Traditional core CPI (ex-food and energy) was also warm at 4% m/m SAAR.
These are not just flashes in the pan. As chart 3 shows, the readings have been far too warm for far too long now. Despite a modest amount of slack in the economy as measured by traditional output gaps, the Canadian economy is still generating sharp underlying price pressures which reflects other influences I’ll come back to.

Also disconcerting is that the breadth of price increases is on the rise again (chart 4). The SA factor for traditional core CPI wasn’t terribly unusual (ex-f&e) this time (chart 5).

Travel tours lit up the recreation category’s 10% weight (chart 6). Charts 7–15 showcase various components with a few accompanying observations. Bear in mind that goods prices fell because of the carbon tax cut that is not removed from that subindex but is not included in the BoC’s preferred core gauges. Service price inflation accelerated. Shelter cost was partly weighed down by the carbon tax cut effect on home energy bills but rent spiked higher and homeowners’ replacement cost was little changed. Gasoline prices fell by 10% m/m NSA and 18.1% y/y almost entirely due to the carbon tax’s elimination despite fatter refinery margins. Vehicle prices continue to rise and don’t need tariffs to make it worse but they will. Maybe keeping travel dollars at home is driving restaurant inflation.

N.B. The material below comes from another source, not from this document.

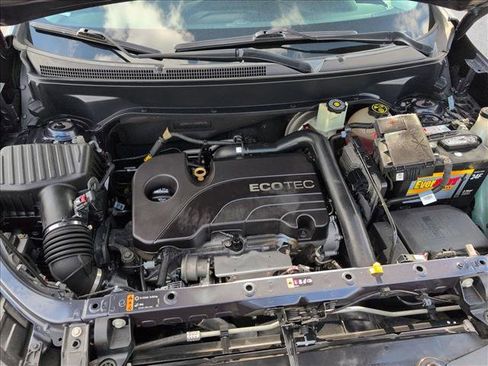 Used 2018 Chevrolet Equinox LT image 22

Charts 16–19 break down the basket in terms of m/m and m/m contributions as well as the y/y equivalents. Charts 20–21 show the breakdown of trimmed mean CPI and the weighted contributions of each of the included prices.




BOC IMPLICATIONS
There is no way that the BoC should be cutting any time soon, if at all. Despite modest slack, other forces are keeping core inflation at sticky, elevated levels even before trade war effects bite through supply chain effects.
At 3.15% y/y, the average of the TM and WM measures is tracking a little warmer than either of the BoC’s two scenarios had anticipated for Q2 when they crafted their projections in the April MPR. At that time, they said that under Scenario 1, core CPI would be 2.9% in Q2 and under Scenario 2 it would be 3%. Today’s readings for April are higher than both, though obviously there is more data to come in Q2. Still, Macklem has emphasized data dependency and getting early tracking that is hotter than forecast will keep him on guard toward inflation risks.
Inflation expectations across multiple measures remain too high in Canada. They are not great, soft data measures, but the BoC pays attention to them.
At 2.75%, the BoC is at or below its estimate of the neutral policy rate (2.25% to 3.25%). That gives the central bank more optionality into trade wars; or it cut too far which remains my bias in the face of sticky underlying inflation. That is very different from many other global central banks that remain meaningfully above neutral (Fed, ECB, BoE, RBA etc). Furthermore, the BoC ended QT long before other central banks.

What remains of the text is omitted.